#### Problem details:
Using the records below, write out again exactly the lines that begin at the line containing "Painter (workshop of)" and end at the line containing "COS 100% Silk", and no other lines.

#### Source data:
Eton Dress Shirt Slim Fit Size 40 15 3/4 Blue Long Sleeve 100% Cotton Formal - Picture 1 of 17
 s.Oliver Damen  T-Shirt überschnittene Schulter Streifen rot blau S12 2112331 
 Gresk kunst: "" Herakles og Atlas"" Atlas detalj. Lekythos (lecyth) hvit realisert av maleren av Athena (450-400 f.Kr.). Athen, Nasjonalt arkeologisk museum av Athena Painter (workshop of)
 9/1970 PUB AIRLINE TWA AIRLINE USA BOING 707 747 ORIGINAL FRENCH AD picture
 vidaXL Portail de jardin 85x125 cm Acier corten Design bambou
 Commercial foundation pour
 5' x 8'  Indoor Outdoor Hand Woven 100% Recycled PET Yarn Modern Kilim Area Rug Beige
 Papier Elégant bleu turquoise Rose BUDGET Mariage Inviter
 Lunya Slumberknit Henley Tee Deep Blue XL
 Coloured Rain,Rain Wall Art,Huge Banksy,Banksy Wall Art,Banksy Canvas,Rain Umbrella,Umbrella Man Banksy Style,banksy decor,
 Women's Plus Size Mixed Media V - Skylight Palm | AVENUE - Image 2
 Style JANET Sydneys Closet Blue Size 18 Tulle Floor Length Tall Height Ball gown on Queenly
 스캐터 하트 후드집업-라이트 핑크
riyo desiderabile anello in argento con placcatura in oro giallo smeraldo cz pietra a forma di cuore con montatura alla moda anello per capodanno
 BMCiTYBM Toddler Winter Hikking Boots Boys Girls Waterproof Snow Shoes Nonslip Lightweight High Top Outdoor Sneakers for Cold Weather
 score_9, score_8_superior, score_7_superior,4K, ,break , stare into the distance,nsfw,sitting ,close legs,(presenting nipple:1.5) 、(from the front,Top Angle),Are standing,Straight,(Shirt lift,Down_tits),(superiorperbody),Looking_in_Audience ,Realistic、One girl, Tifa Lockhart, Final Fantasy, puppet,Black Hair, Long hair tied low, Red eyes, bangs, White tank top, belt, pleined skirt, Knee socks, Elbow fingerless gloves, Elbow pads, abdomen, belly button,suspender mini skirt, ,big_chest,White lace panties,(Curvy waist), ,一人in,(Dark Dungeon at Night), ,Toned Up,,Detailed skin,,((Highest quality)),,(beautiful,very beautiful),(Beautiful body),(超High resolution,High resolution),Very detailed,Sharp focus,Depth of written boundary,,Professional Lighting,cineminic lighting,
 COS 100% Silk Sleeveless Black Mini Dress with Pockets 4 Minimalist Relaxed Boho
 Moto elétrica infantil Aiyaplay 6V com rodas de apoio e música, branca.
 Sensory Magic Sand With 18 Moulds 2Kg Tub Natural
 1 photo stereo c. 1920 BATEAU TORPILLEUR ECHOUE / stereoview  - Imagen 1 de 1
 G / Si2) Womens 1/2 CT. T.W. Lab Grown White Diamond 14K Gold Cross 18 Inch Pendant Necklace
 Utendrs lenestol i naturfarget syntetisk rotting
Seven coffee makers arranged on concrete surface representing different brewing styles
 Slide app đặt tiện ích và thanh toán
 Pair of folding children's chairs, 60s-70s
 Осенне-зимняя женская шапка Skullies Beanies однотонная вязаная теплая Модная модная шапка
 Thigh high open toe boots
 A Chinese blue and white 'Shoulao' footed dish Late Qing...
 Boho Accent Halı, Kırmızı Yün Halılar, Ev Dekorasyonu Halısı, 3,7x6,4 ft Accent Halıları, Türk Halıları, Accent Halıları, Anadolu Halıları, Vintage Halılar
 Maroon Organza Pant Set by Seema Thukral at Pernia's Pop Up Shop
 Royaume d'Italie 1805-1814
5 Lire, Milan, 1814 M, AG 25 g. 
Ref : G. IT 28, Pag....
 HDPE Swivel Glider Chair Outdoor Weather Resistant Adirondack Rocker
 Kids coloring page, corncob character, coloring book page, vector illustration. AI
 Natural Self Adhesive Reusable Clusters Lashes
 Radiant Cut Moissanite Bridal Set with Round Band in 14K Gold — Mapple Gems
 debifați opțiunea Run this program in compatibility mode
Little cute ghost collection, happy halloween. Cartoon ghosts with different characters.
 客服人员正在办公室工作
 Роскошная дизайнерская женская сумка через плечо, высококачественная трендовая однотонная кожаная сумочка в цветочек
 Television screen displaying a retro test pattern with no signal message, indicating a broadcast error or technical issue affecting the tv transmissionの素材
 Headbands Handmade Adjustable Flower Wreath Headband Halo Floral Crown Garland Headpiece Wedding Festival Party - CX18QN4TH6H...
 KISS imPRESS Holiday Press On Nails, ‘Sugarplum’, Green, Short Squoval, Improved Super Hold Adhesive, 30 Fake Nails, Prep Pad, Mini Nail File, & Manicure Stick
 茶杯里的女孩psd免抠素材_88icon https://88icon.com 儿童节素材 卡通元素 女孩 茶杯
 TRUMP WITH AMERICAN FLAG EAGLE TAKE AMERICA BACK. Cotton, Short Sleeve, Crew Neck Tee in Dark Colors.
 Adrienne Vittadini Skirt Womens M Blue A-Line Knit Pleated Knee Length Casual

#### Finished task:
 Gresk kunst: "" Herakles og Atlas"" Atlas detalj. Lekythos (lecyth) hvit realisert av maleren av Athena (450-400 f.Kr.). Athen, Nasjonalt arkeologisk museum av Athena Painter (workshop of)
 9/1970 PUB AIRLINE TWA AIRLINE USA BOING 707 747 ORIGINAL FRENCH AD picture
 vidaXL Portail de jardin 85x125 cm Acier corten Design bambou
 Commercial foundation pour
 5' x 8'  Indoor Outdoor Hand Woven 100% Recycled PET Yarn Modern Kilim Area Rug Beige
 Papier Elégant bleu turquoise Rose BUDGET Mariage Inviter
 Lunya Slumberknit Henley Tee Deep Blue XL
 Coloured Rain,Rain Wall Art,Huge Banksy,Banksy Wall Art,Banksy Canvas,Rain Umbrella,Umbrella Man Banksy Style,banksy decor,
 Women's Plus Size Mixed Media V - Skylight Palm | AVENUE - Image 2
 Style JANET Sydneys Closet Blue Size 18 Tulle Floor Length Tall Height Ball gown on Queenly
 스캐터 하트 후드집업-라이트 핑크
riyo desiderabile anello in argento con placcatura in oro giallo smeraldo cz pietra a forma di cuore con montatura alla moda anello per capodanno
 BMCiTYBM Toddler Winter Hikking Boots Boys Girls Waterproof Snow Shoes Nonslip Lightweight High Top Outdoor Sneakers for Cold Weather
 score_9, score_8_superior, score_7_superior,4K, ,break , stare into the distance,nsfw,sitting ,close legs,(presenting nipple:1.5) 、(from the front,Top Angle),Are standing,Straight,(Shirt lift,Down_tits),(superiorperbody),Looking_in_Audience ,Realistic、One girl, Tifa Lockhart, Final Fantasy, puppet,Black Hair, Long hair tied low, Red eyes, bangs, White tank top, belt, pleined skirt, Knee socks, Elbow fingerless gloves, Elbow pads, abdomen, belly button,suspender mini skirt, ,big_chest,White lace panties,(Curvy waist), ,一人in,(Dark Dungeon at Night), ,Toned Up,,Detailed skin,,((Highest quality)),,(beautiful,very beautiful),(Beautiful body),(超High resolution,High resolution),Very detailed,Sharp focus,Depth of written boundary,,Professional Lighting,cineminic lighting,
 COS 100% Silk Sleeveless Black Mini Dress with Pockets 4 Minimalist Relaxed Boho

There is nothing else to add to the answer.